TASK BRIEF — Pictures must not appear in the copy. Reproduce exactly, and only, the lines from the one with "Scunci All-Day Hold" through the end of the data below.
[[ INPUT, beginning ]]
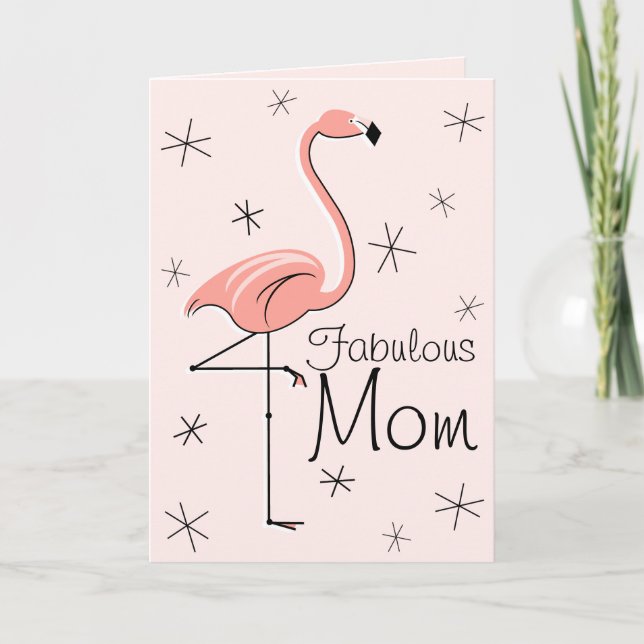 Flamingo Pink Fabulous Mama Mutter Tag vertikal Karte (Vorderseite)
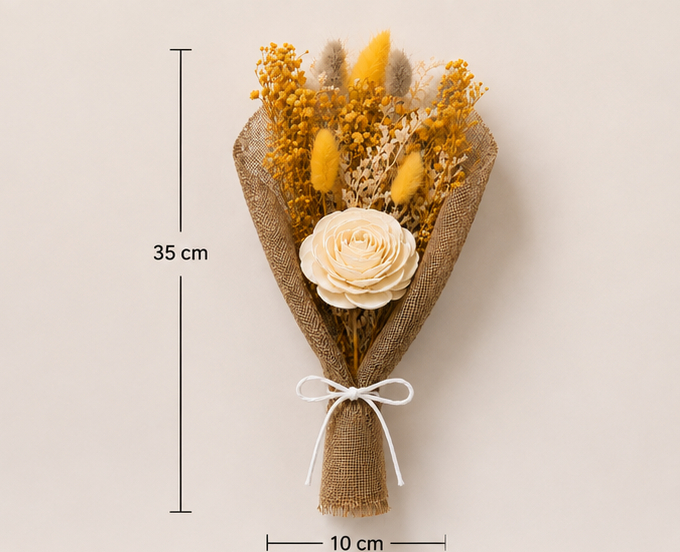 Size dimensions of the Cherivo Sunlit Meadow dried flower bouquet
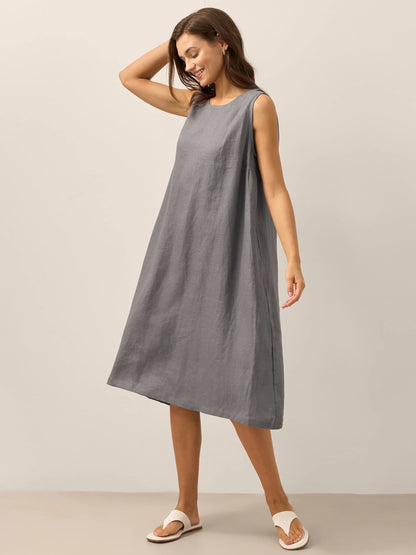 Julia | Women’s Linen Sleeveless Easy Shift Dress
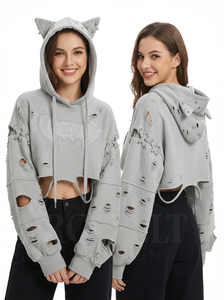 Sudadera con Capucha Corta Personalizada con Logotipo 2026, Estilo Urbano Desgastado, Sudadera con Capucha EAR de Moda, Sudadera con Capucha Gruesa de Algodón Pesado - Product Image 3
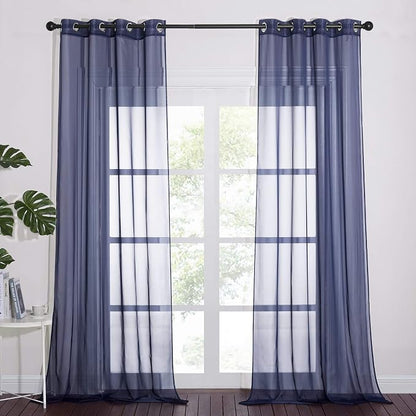 NICETOWN Dark Blue Sheer Curtains by NICETOWN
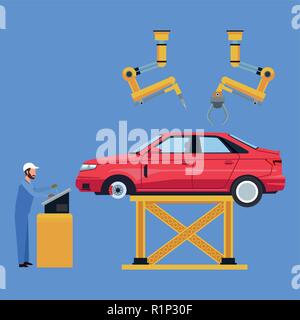 Worker on factory car and assembling shop vector illustration graphic design Stock Vector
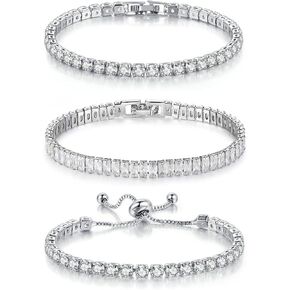 VOGLUX Tennis Bracelets for Women Cubic Zirconia Bracelets for Women Girls Adjustable Slider Bracelet Set Fashion Jewelry Wedding Gift Valentine's Day Gift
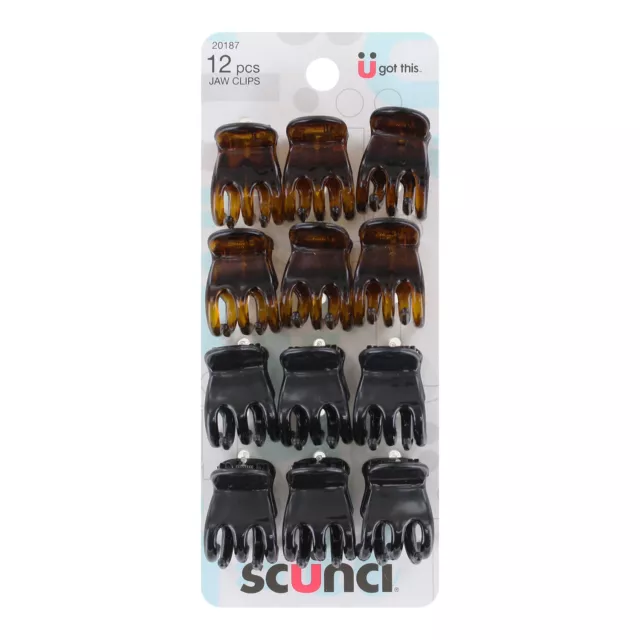 Scunci All-Day Hold Mini Hair Jaw Clips, Assorted Colors, 12-Pieces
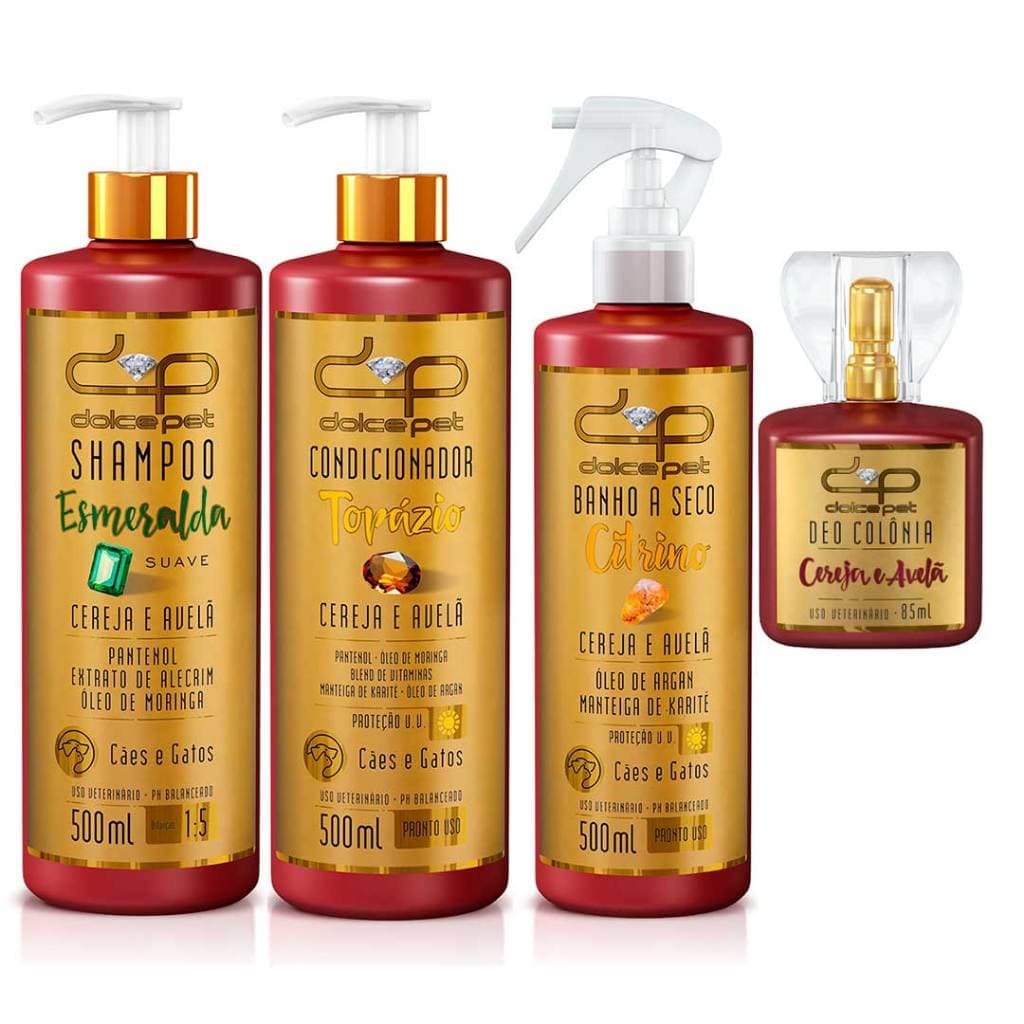 Kit Dolce Pet Shampoo Suave + Condicionador + Banho a Seco + Perfume Cereja e Avelã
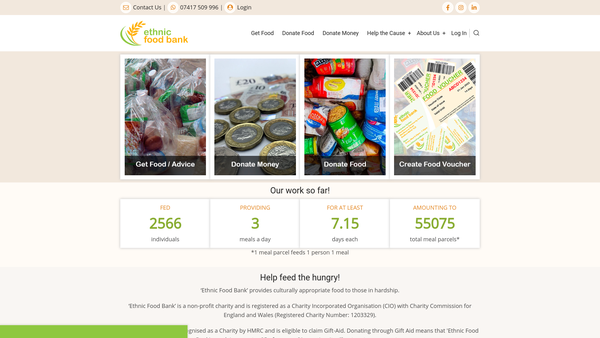 Screenshot of the Ethnic Food Bank website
[[ INPUT, end ]]
RESPONSE TO THE EXERCISE —
 Scunci All-Day Hold Mini Hair Jaw Clips, Assorted Colors, 12-Pieces
 Kit Dolce Pet Shampoo Suave + Condicionador + Banho a Seco + Perfume Cereja e Avelã
 Screenshot of the Ethnic Food Bank website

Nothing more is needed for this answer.